I showed them India on the map and talked about why people wanted to get there and why it was hard to get there.

"That's far away!" one of them said.  

"And you couldn't take a plane, because they weren't invented," another said.

I told them Columbus thought he could cross the ocean to get to India.  He got the Spanish king and queen to back him to try to get there because he didn't think the world was flat.  (One student, from Argentina, was thrilled because his grandpa lives in Spain.)

We talked about where Columbus landed and since he thought he was in India, what do you think he called the people?

Indians!  Everything was coming together for them.

I said, "Now we have Columbus, Ohio and The District of Columbia and Columbia, South Carolina and the country Colombia and they are all named after Columbus."

One of my students stood up and said solemnly, "Teacher, this is where I am from."

"Yes," I said.  "I know."

"I was born in Colombia," he proudly said.  I told him that was great.

They were buzzing with excitement of their newfound knowledge.

During science I told them that they would learn how to predict if it was going to rain by the clouds.  They leaned in closer.  We learned about cumulus and cumulonimbus and stratus and stratonimbus clouds.  They drew them in a little book and we talked all about the differences and what kinds of storms they cause.  I showed them impressive pictures of cumulonimbus clouds and had them turn and tell someone about a big storm they'd been in.

(Ask me how I know not to have them tell the entire class about the biggest storm they'd been in.  It gets out of hand and no one has time to listen to 26 children retell in minute detail their storm because they all want to and then some of them remember another storm.)

I told them we were going to go on the world's shortest field trip.  We went outside and they looked at the clouds and discussed and debated what kinds of clouds they saw.

I love being a teacher.


Monday, October 13, 2025

Weekend

 I took an hour nap when I got home from school on Friday.  Adam came home from the airport and changed into a suit and I headed out with him.
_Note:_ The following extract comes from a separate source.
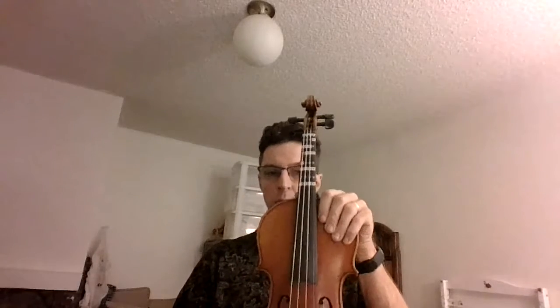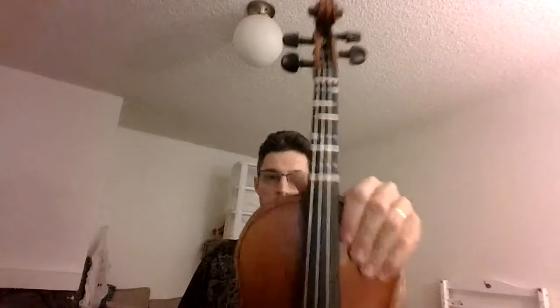We'll go from rest position to playing position. All players at rest position: cellists hands on lap, violinists hold to the side of the instrument. Let's start with upper strings — upper strings, give your instrument to the conductor.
We went to the Provo City Center temple.  We met some youth from our ward.  I felt pretty awful, but I was happy to be in the temple with Adam.  I even did some confirmations.  
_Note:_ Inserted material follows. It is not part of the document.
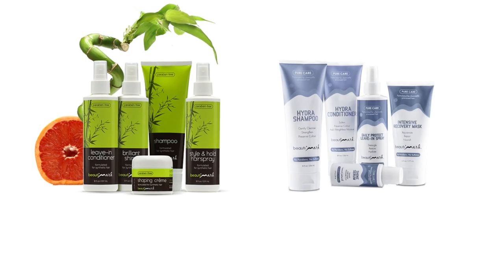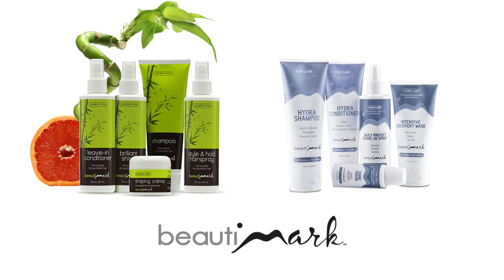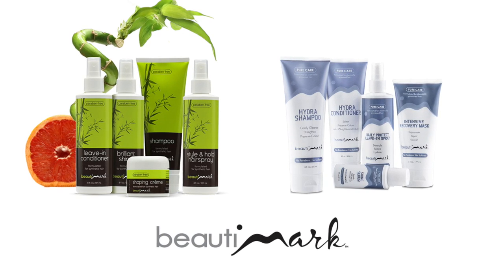With its cool cap and shaggy layers, it's no wonder the Reese is one of our top styles. Thanks for watching and be sure to subscribe to our channel. To get the most out of your hairstyles, we recommend Beauty Mark Care Products, available for human hair and synthetic fiber.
Friday night the Mariners slugged it out against the Tigers to advance in the playoffs.  "The Battle in Seattle" as Rick Rizz, the Mariners announcer, called the game.  I think I went to bed around the 11th inning.  They played to 15 innings.  Adam was texting with his family throughout.  Both Braeden and Mark had to stop watching in the 14th inning.  Braeden said he didn't want to have a heart attack.  Mark got his computer and kept listening, but distracted himself with a video game.  They couldn't take the pressure.

Adam bravely watched to the end and the Mariners won!  I had to hear about it Saturday.  (I am weak sauce.)

Adam got up early to go to the Deseret Peaks temple with the youth, but I didn't go with him.  I felt sad about it, but I decided I should rest.  

I had been looking forward to the hour plus each way drive with Adam, especially since he's been gone so much.  I love going on drives with him.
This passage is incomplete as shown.